This is my attempt at translating the second part of this Hebrew piece of satire about chanuka. I apalogize for any mistakess, neither English nor Hebrew is my native language. You can read the first part here.
The secular father explains:
– Dad, why did the Maccabees fight the Greek?
– Not now.
– Why not now?
– I’m watching basketball.
– But Dad!
– Ah… what does it matter. The important thing is that they won.
– Dad, in the Encyclopedia is written that they fought because they didn’t want to eat pork.
– That’s possible.
– And because of that there was that big a war?
– Look, pork has lots and lots of cholesterol, maybe the Maccabees were from the health crowd and all that.
– And because of that there was a war?
– These Maccabees of health, they can be pretty extreme.
– Why did the Greeks force them to eat pork?
– Because the religious make a big deal out of everything.
– The Maccabees were religious?
– What do you mean, no, the religious don’t go to the army.
– So how did they beat the Greeks?
– G-d helped them.
– But you said there is no G-d.
– There really isn’t.
– So, is there, or is there not?
– There isn’t. But they thought there is.
– Dad, I didn’t understand.
– What did you not understand?
– Whether there is a G-d.
– Go and ask Mum.
– Every time you don’t know something you send me to Mum.
– I know the important things. Whether there is a G-d, that’s not important.
– It is written that Yehuda Maccabi beat the Greeks in Beit Cholon.

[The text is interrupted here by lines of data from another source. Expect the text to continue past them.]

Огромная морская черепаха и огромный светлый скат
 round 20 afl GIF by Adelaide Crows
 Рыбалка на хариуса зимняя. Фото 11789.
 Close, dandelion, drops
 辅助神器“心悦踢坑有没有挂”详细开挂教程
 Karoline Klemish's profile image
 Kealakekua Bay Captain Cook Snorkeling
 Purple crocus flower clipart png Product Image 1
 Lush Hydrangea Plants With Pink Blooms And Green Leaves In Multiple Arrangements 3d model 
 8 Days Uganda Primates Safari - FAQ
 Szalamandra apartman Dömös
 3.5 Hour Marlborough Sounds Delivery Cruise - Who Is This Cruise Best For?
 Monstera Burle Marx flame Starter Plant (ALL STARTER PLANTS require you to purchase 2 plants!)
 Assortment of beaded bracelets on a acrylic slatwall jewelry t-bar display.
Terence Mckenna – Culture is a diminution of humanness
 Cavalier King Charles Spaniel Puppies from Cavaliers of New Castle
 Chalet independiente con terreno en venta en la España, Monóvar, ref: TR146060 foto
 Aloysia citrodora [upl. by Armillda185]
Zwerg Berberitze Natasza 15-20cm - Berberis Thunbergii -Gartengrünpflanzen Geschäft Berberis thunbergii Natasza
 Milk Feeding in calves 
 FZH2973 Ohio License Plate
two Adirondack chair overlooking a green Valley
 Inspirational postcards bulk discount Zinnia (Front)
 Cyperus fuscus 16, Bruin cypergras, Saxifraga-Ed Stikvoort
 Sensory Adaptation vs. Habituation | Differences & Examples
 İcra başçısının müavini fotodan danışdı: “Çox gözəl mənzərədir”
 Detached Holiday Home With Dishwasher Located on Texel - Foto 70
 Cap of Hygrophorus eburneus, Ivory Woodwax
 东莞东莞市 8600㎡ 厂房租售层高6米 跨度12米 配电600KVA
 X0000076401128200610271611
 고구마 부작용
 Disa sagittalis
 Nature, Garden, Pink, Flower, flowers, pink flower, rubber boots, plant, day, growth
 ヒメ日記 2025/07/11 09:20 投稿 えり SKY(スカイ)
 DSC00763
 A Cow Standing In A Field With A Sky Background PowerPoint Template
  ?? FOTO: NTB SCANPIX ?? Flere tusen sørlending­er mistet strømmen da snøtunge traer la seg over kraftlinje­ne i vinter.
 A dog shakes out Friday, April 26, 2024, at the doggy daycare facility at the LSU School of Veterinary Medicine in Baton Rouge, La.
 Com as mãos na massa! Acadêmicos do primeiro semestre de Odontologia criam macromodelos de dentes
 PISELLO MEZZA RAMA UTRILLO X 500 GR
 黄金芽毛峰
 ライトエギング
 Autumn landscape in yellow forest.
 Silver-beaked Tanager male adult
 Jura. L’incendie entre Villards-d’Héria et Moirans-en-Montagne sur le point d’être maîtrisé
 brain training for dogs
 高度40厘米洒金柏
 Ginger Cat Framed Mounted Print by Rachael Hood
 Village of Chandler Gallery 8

– If that’s written, it’s written.
– Where is Beit Cholon?
– Far. It’s not in Israel, in America.
– Dad, Columbus only discovered America in the year 1492.
– You know that you are a nudnik [a person who’s bothering others]? It’s in the territories.
– But, dad, were the Maccabees settlers?
– I knew it. Why don’t you go and play with Shon? [שון?]
– Dad, next time we are at the Tiv Ta’am, will they force me to eat pork?
– If you continue with these questions, there will be no Festigal for you this year!
– But Dad, I am scared, I only have one sister.
– So what?
– The Maccabees were five brothers that fought together.
– Maybe you want to go and see Dora?
– I want to see Maccabi.
– Ok, we’ll see Maccabi.
– Dad, where are Maccabi / the Maccabees?
– The yellow ones.
– They are the Maccabi / the Maccabees?
– How are they called?
– Pfizer, Binum, Batista, Blothental and Cummings. [פייזר, ביינום, באטיסטה, בלות’נטאל וקאמינגס]
– Dad, you are annoying. That’s not the names of the Maccabees!
– Where are you going?
– To fight Greeks!
– You are not going anywhere!
– I want to be Maccabi, religious and a settler!
– Are you crazy?? You are not leaving the house! Did you hear?!!
– I’m joking Dad, relax. I’ll go with Shon to McDonald’s.
– Ah, good. Bring me a cheeseburger!